I still believe there’s only a dubious relationship between sporting stats and sporting success, (as it is with any other form of social science). One that you can only attempt to establish if you highlight the ones which add credence to your argument whilst ignoring the ones that don’t. Sport is a one off event with many, many variables. You’d need a computer like the one Douglas Adams wrote about in The Hitchhiker’s Guide to the Galaxy.
["You know nothing of future time," pronounced Deep Thought, "and yet in my teeming circuitry I can navigate the
infinite delta streams of future probability and see that there must one day come a computer whose merest
operational parameters I am not worthy to calculate, but which it will be my fate eventually to design."]

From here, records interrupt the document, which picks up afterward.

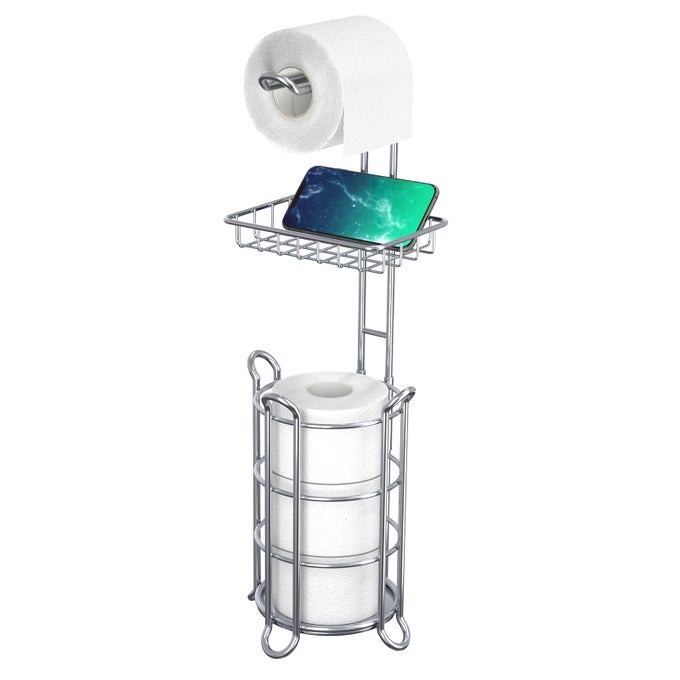 CHROME TOILET PAPER HOLDER STAND TISSUE HOLDER FOR BATHROOM WITH SHELF STORAGE HOLDS 4 MEGA ROLLS PHONE AND WIPES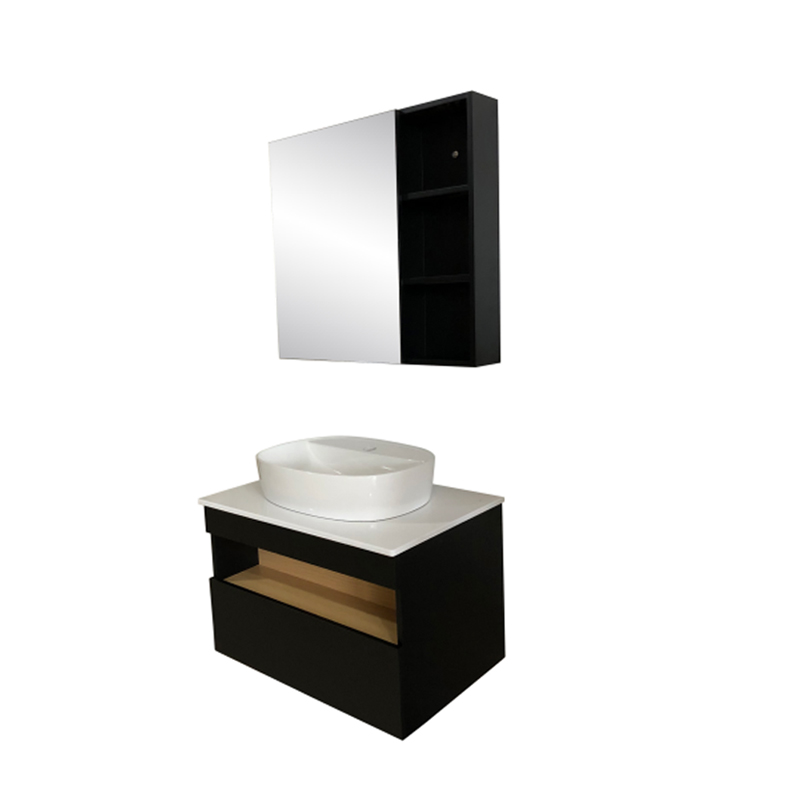 Solid Wood & PVC Bathroom Cabinet Marble Ceramic Top Mounted Basin Bathroom Vanity A027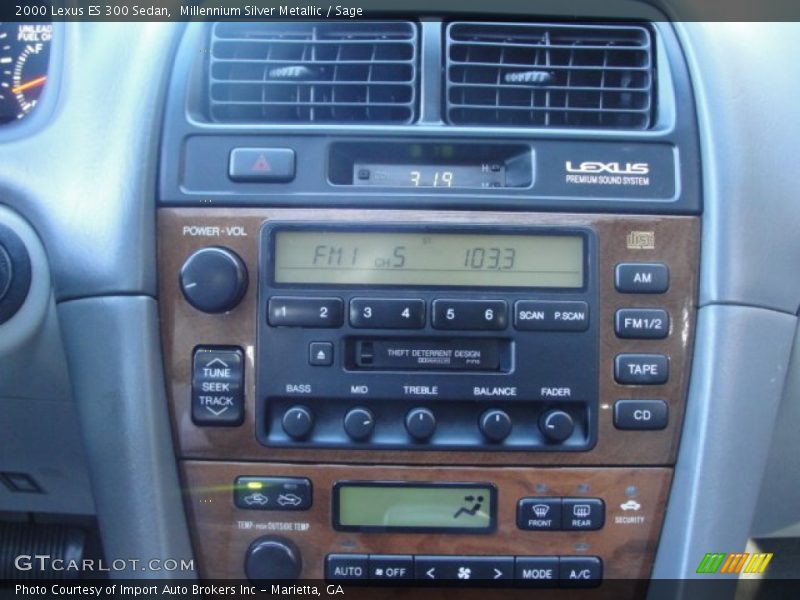 Millennium Silver Metallic / Sage 2000 Lexus ES 300 Sedan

However, loudspeaker testing and analysis has come a very long way with the advent of computer software and can be deemed a true science. Nowadays everyone uses this software and testing is as rigourous as its ever been. They know what to look for: eg
• On-axis frequency response
• Impulse response
• Cumulative spectral decay
• Polar response
• Step response
• Impedance
• Efficiency/Sensitivity
• Distortion
• Dynamics
https://audioxpress.com/article/testing-loudspeakers-which-measurements-matter-part-1
https://audioxpress.com/article/testing-loudspeakers-which-measurements-matter-part-2
Heck, there’s even at least one website devoted to this kind of thing.
https://www.audiosciencereview.com/forum/index.php
The true test is whether the loudspeakers are actually getting better. By and large, I’d say they were. But I acknowledge there will always remain a subjective element.
Some will always prefer cassette tape to CD, a 1960 Ferrari to one from 2020, a Technics turntable from 1970 to one from now etc. That’s human nature.
Fair enough, but let’s not kid ourselves about which ones measure better.